2.3. Кровь есть душа

We use cookies. Read the Privacy and Cookie Policy

«Строго наблюдай, чтобы не есть крови, потому что кровь есть душа: не ешь души вместе с мясом»

Второзаконие, XII, 23

Мы любим и веруем — знаками.

Леонид Пасенюк

Парижанки очень заметно отличаются внешним физическим типом от русских женщин. А вот парижане от русских москвичей — не очень. (Конечно, в разных провинциях Франции встречаются разные типажи, в том числе резко другие, что обусловлено пестрым расово-этническим составом французов.) Англичане более похожи на нас, причем особенно как раз женщины. Немцы тоже сильно на нас смахивают, особенно восточные, ославяненные. А испанцы, итальянцы — не слишком, хотя и в Италии есть похожие на нас жители, например, на севере, когда-то завоеванном лангобардами. Однако, так или иначе, а европеоиды суть европеоиды, представители одной расы, потомки общего предка — кроманьонца. Никакого непроходимого барьера между нами нет, если смотреть с позиций биологизма.

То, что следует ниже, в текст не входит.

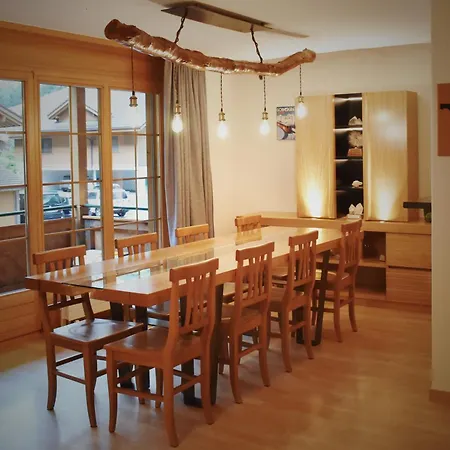 Vidolica Mountain Lägenhet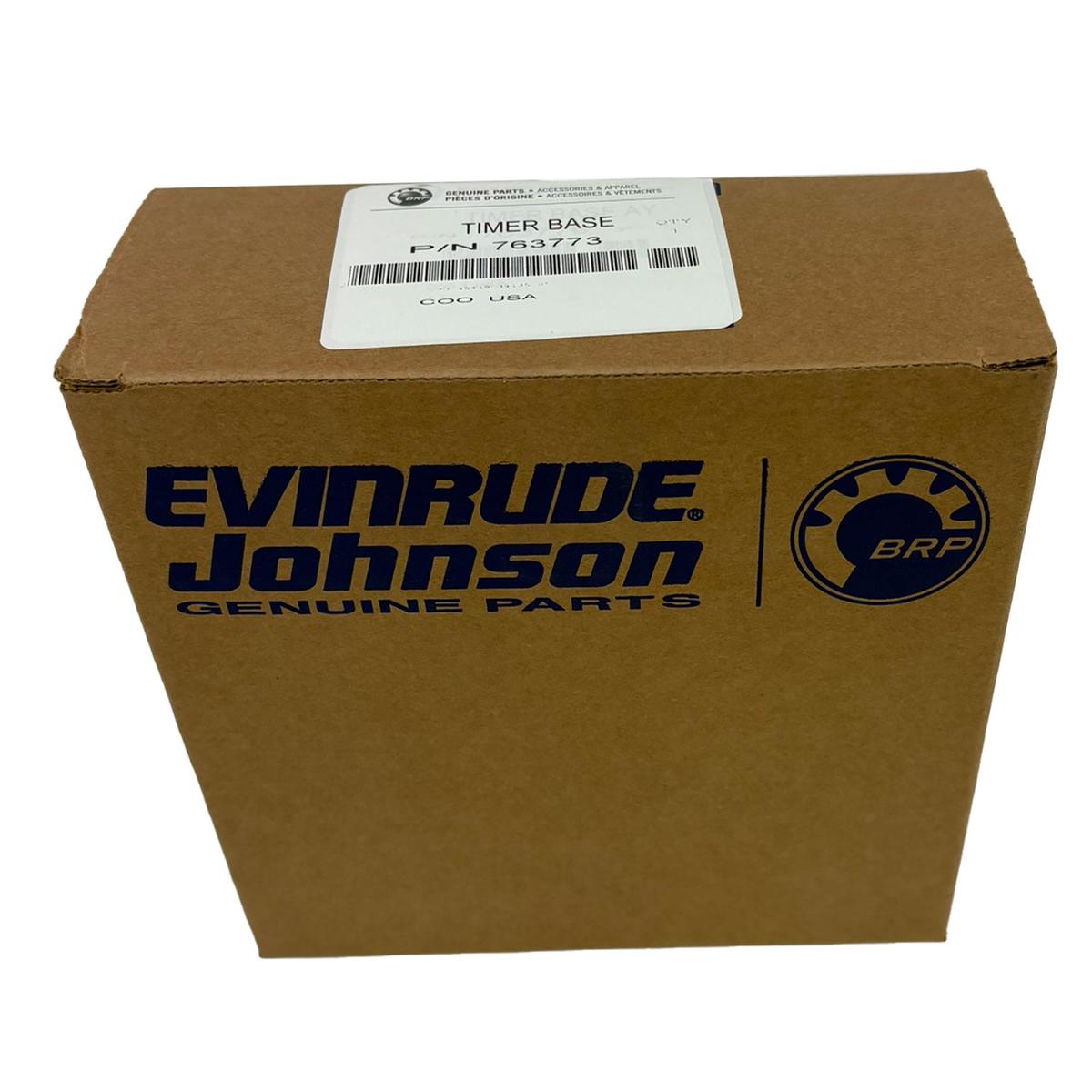 BRP Qualifies for Free Shipping BRP Timer Base Assembly #763773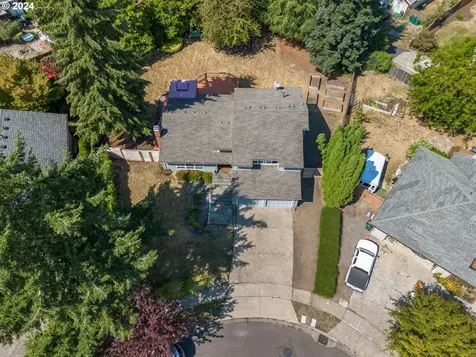 7535 Sw Lotus Blossom Place Beaverton OR 97008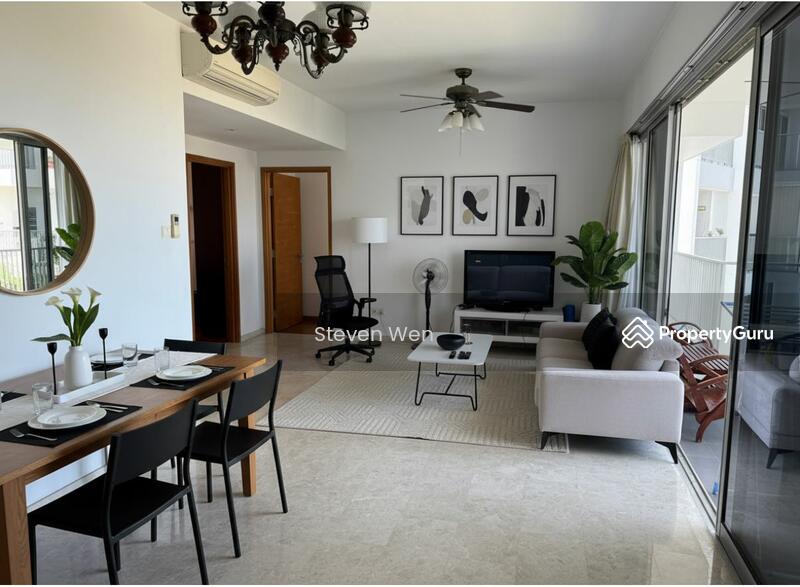For Sale - The Parc Condominium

Зато в духовном плане эти барьеры есть, и очень существенные. Я уж не говорю о разных расах (искусство черной Африки для нас — просто инопланетное, в полном смысле слова; искусство Китая веками было для Европы непостижимой и недостижимой вершиной, поводом для комплексов и бесконечных тщетных имитаций). Но и внутри больших рас встречаются сильнейшие этнические отличия в менталитете, вплоть до полной непримиримости нравственных или эстетических позиций.

Простой и убедительный пример: на взгляд европейца, монголоидные народы Китая и Японии внешне очень похожи; на деле же китайцы и японцы есть по духу народы-антагонисты, чье искусство, этика и даже кухня зиждутся на прямо противоположных принципах! Или: между собором Нотр-Дам де Пари (первоначальная застройка 1163–1182) и храмом Святой Софии Новгородской (1045–1052) — настоящая пропасть, эстетическая и этическая, мировоззренческая; ничего общего, хотя то и другое здание с небольшим историческим отрывом заложили белые европеоиды, единоверцы-христиане. И в дальнейшем противоположности архитектурного стиля европейских и русских церквей только нарастают, ярко отражая различие всей ментальности. Секрет и отличие европейского искусства от русского — упорядоченная с помощью особых приемов красота; у нас же художник должен творить, как Бог на душу положит. В результате средний европеец воспринимает красоту русского стиля как дикарскую, варварскую, а мы ихнюю, по большей части, — как искусный, но безблагодатный трюк.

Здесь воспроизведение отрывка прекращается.